As Taseer reached his car, a cry of Allah-o-Akbar echoed in the air. The voice was of his bodyguard, Malik Mumtaz Qadri, who then calmly emptied the magazine of his AK-47 into the governor. As Taseer collapsed, Qadri reloaded the rifle and sprayed another 30 bullets. He then placed the rifle on the ground and surrendered before the other eleven bodyguards, nine of whom were from the Elite Force. The remorseless pumping of bullets into Taseer’s lifeless body reflected the depth of Qadri’s hatred. The inaction of other bodyguards speaks of a larger conspiracy, or at the very least a silent, tacit support for Qadri. For the dead Taseer, it could hardly be a recompense to recall what he told the Herald magazine two years ago, “I remember the late Zulfiqar Ali Bhutto saying that history is written in the blood of martyrs.”

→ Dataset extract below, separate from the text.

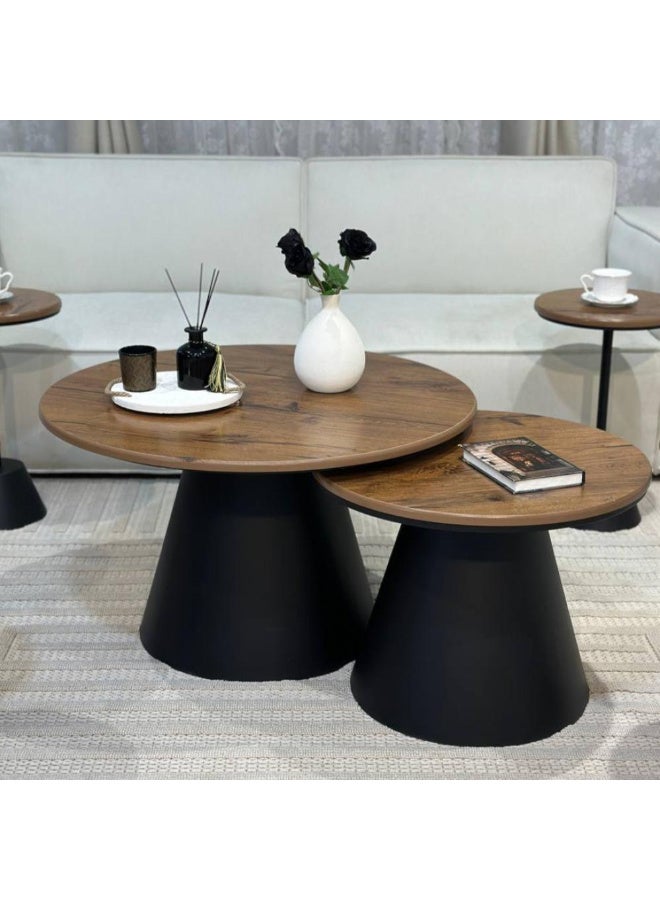 Modern 6-piece coffee table set – large table, center table, and 4 side tables – wooden top and metal frame for living room - Image 3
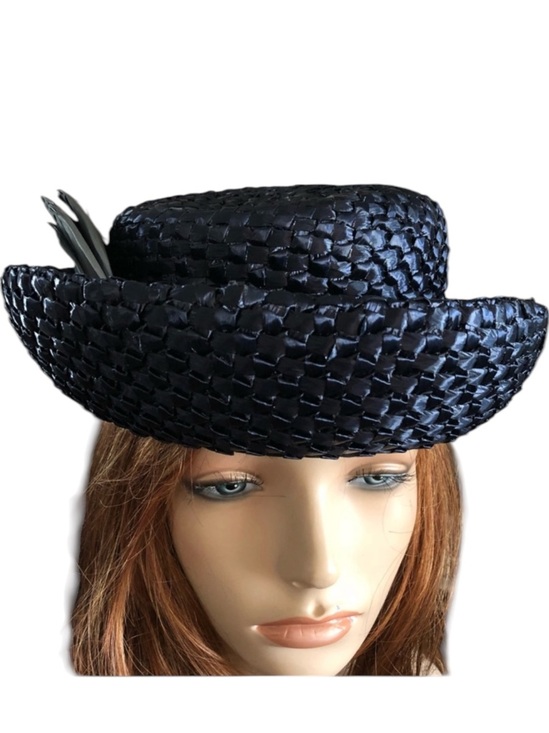 Vintage Blue Raffia Straw Hat w Feathers main image 5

Martyr Taseer he now is—to the cause of liberal values, the secularism of the Jinnah brand, and for the effort of restoring to Pakistan its moderate, modern Islamic soul. The Punjab governor was slain, as Qadri was to later tell his interrogators, because of his criticism of the blasphemy law and his efforts to secure a presidential pardon for Aasiya Bibi, a poor Christian woman condemned to death by a Pakistani anti-terrorism court for having allegedly committed blasphemy (she has gone in appeal to the Lahore High Court).

The likes of Qadri, who believes the assassination now guarantees him a place in paradise, would hardly consider Taseer a martyr. He isn’t a lonely wolf, for he confessed afterwards that he had informed other bodyguards about his intention to kill Taseer and requested them not harm him, as he’d surrender after the contemplated act. “I have been looking for an opportunity to shoot Taseer because I did not want to allow him to live anymore,” one of the investigators quoted Qadri as telling them. “When I received the official gun in the morning, I immediately loaded and put it on the automatic burst.”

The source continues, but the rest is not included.